Over 530 crew from Animal Logic brought with them a wealth of LEGO experience, an impressive set of tech and tools, and a childlike curiosity to create the most colourful, sing-along LEGO movie ever!
The heroes of Bricksburg are back for an action-packed adventure to save their beloved city, which has been aptly renamed Apocalypseburg. It’s been five years since everything was awesome. Now everything is bleak. The threat of LEGO DUPLO invaders from outer space weighs heavy on the hearts of the citizens of Apocalypseburg but hope is not lost, only misplaced (last seen under the washing machine).

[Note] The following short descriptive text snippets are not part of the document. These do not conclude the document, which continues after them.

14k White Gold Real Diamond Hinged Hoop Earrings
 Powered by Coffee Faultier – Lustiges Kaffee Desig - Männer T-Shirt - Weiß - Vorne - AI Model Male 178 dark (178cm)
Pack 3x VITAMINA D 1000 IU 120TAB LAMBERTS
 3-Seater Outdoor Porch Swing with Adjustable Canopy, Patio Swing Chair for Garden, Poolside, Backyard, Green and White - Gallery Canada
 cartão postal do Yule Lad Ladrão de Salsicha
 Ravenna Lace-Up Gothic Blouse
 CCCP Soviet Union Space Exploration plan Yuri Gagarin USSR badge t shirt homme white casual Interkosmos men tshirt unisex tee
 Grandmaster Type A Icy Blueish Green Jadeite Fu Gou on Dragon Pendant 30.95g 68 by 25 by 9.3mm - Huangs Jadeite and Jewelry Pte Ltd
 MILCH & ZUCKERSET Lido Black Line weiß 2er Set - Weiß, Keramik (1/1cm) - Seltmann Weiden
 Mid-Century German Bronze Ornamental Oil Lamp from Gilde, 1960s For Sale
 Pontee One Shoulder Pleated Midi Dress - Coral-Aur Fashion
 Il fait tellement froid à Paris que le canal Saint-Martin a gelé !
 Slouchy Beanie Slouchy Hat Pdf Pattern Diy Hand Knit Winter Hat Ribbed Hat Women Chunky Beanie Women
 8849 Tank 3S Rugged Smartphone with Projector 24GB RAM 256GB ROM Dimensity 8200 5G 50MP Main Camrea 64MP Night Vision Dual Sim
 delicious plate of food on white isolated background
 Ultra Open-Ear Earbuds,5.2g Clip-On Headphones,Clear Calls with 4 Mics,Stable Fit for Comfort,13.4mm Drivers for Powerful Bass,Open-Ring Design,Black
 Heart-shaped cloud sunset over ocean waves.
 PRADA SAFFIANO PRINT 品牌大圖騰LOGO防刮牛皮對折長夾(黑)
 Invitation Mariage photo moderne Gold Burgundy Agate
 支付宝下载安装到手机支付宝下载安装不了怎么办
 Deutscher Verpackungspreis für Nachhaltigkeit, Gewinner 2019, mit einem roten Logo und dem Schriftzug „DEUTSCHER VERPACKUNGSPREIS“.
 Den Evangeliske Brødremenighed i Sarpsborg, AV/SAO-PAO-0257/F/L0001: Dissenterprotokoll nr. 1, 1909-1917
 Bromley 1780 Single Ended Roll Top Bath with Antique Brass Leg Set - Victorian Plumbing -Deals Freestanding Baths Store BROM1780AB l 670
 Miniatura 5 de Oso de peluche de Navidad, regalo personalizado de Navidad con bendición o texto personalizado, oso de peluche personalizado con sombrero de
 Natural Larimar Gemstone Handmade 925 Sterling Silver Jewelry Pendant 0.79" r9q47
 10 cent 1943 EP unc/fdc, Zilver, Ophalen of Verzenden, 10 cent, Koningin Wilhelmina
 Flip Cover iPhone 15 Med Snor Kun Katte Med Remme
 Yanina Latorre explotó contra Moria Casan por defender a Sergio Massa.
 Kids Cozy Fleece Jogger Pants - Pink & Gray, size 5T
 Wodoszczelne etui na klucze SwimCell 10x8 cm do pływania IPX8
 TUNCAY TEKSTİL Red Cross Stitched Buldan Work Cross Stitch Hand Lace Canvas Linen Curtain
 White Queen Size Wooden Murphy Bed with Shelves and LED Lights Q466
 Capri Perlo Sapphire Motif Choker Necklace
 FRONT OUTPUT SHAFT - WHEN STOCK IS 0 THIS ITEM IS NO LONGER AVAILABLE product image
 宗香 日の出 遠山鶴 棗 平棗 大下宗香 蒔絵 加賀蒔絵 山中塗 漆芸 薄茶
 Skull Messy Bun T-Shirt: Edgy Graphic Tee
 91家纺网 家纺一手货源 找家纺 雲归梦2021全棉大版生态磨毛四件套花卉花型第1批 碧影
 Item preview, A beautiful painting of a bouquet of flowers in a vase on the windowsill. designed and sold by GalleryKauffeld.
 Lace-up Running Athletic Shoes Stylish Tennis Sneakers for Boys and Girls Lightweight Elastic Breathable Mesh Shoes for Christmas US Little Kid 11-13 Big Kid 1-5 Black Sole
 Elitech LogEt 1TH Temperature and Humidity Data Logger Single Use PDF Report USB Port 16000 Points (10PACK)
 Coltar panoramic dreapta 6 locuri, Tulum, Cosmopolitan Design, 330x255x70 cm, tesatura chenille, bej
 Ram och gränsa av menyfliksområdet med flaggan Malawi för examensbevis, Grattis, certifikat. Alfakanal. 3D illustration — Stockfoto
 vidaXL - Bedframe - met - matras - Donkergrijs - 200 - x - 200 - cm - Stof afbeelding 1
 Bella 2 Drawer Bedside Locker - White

With the story switching between the imagination of Finn and his younger sister Bianca, audiences travel from battleships crewed by raptors, to the wedding of a shape shifting queen with a heart made of gold (and glitter). Featuring an all-star cast including Chris Pratt, Elizabeth Banks, Will Arnett, Tiffany Haddish and Stephanie Beatriz, our favourite plastic crew set out on a journey of self-discovery to learn a powerful lesson – how to play together.
Animal Logic’s Vancouver studio opened its doors in late 2015 to start production on The LEGO Movie 2. Three years and 3,057 pounds of espresso beans later, the film was delivered with support from Animal Logic’s Sydney studio and premiered on 2 February 2019 in Los Angeles.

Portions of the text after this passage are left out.